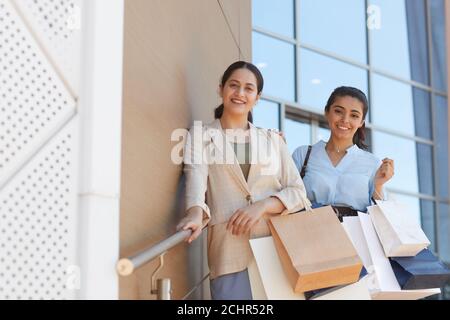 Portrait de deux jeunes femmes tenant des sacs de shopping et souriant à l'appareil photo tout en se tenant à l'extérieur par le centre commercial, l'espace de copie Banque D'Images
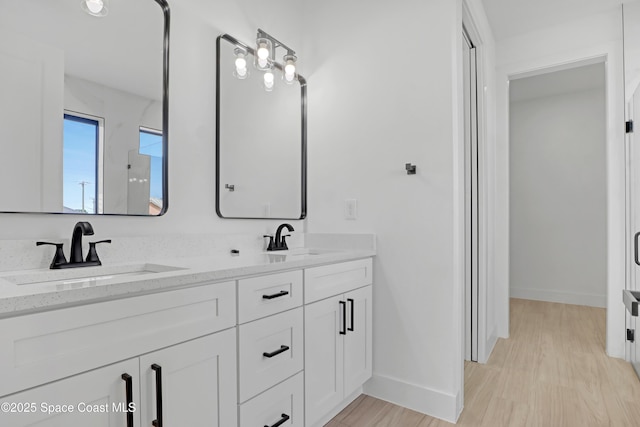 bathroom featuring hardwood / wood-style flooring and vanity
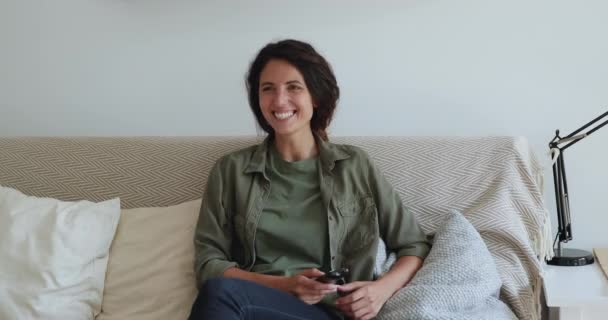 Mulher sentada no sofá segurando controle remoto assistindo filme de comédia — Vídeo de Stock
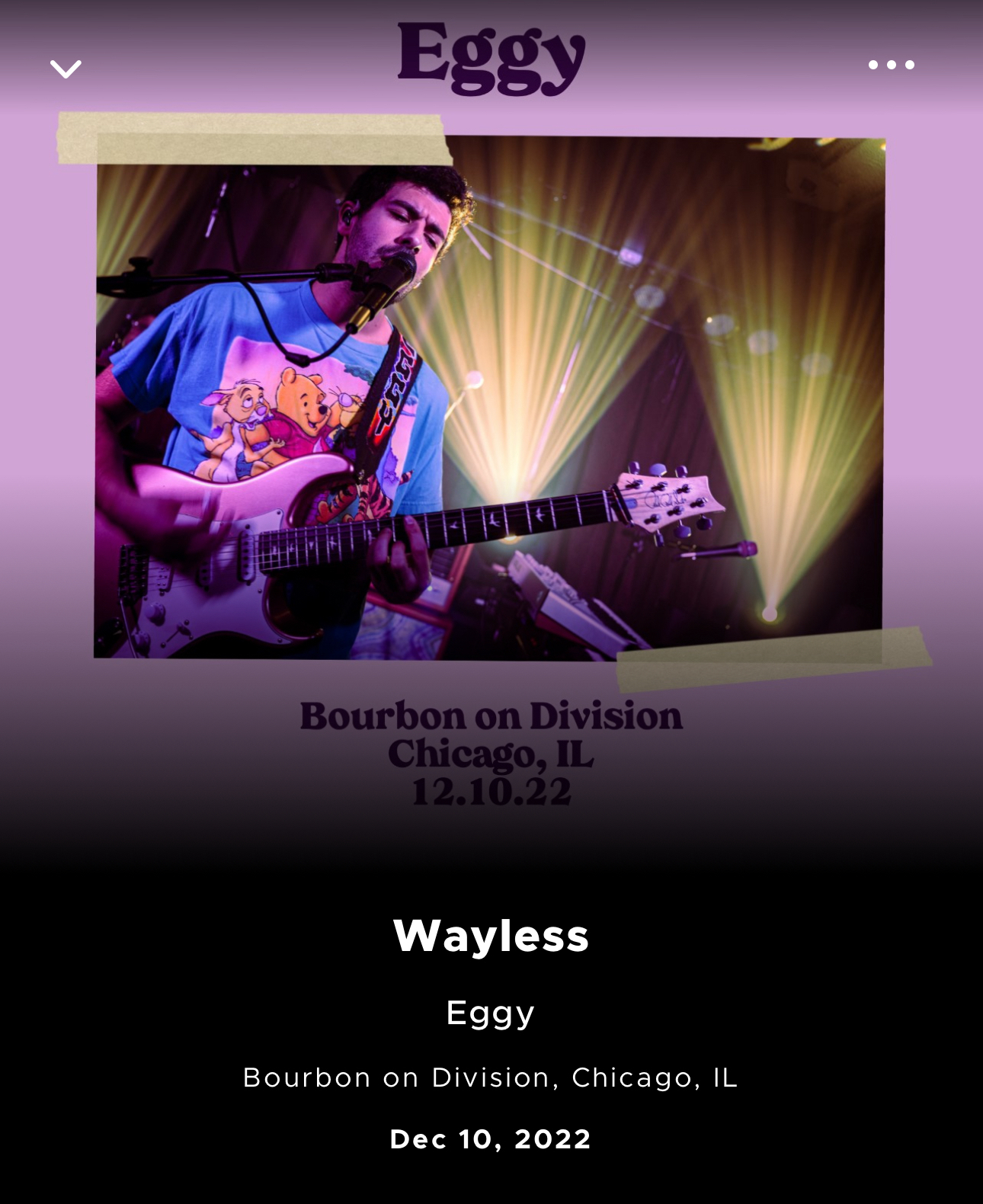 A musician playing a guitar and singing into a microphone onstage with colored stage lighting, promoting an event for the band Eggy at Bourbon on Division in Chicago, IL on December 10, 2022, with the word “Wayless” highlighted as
--*--
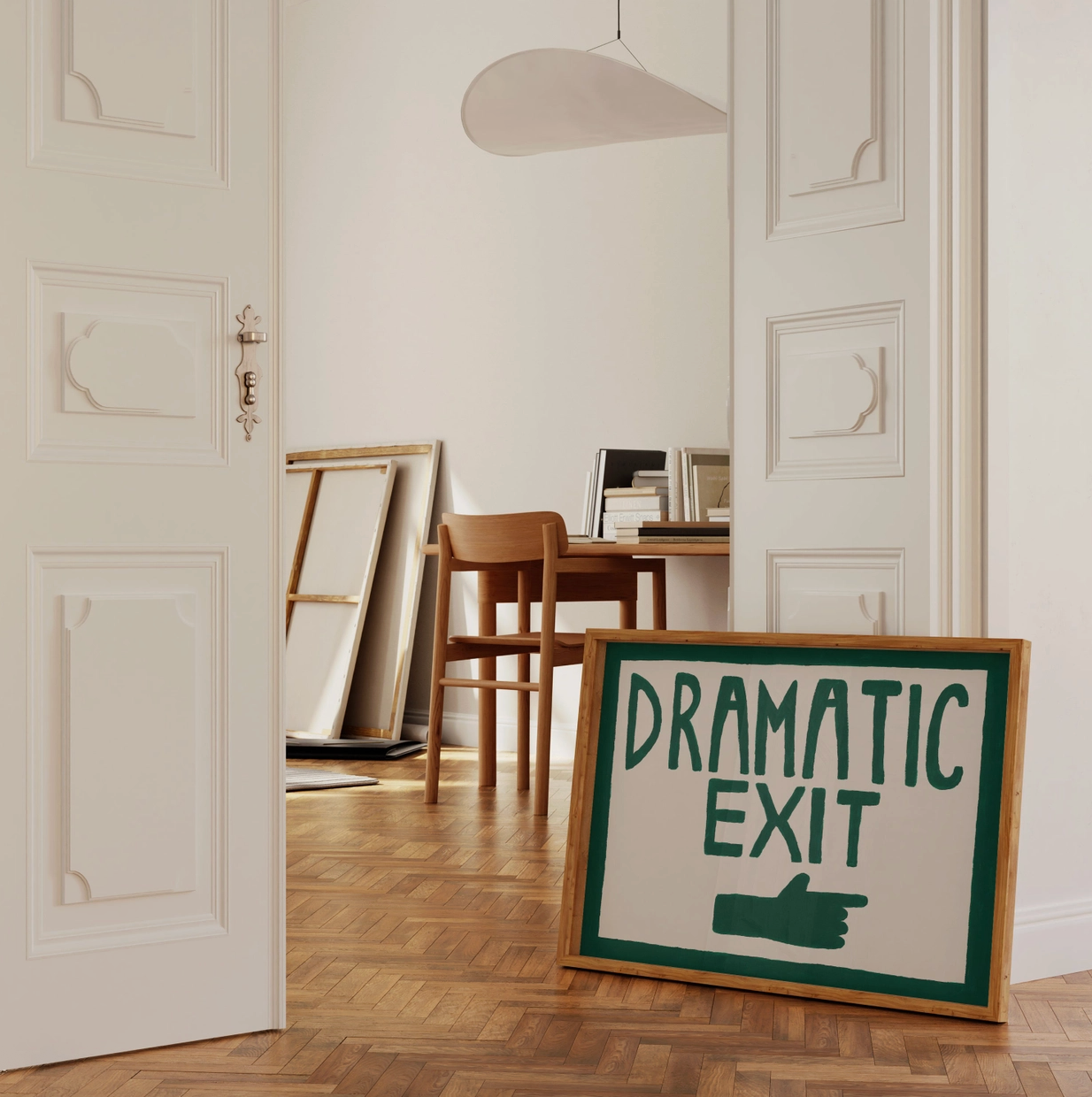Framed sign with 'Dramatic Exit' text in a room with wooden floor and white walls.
--*--
* _What to work on_:
Above are the records. Copy word for word only their lines from the one holding "Mulher sentada no" through the one holding "A musician playing", both included, and skip the images.

* _Written answer_:
 Mulher sentada no sofá segurando controle remoto assistindo filme de comédia — Vídeo de Stock
 A musician playing a guitar and singing into a microphone onstage with colored stage lighting, promoting an event for the band Eggy at Bourbon on Division in Chicago, IL on December 10, 2022, with the word “Wayless” highlighted as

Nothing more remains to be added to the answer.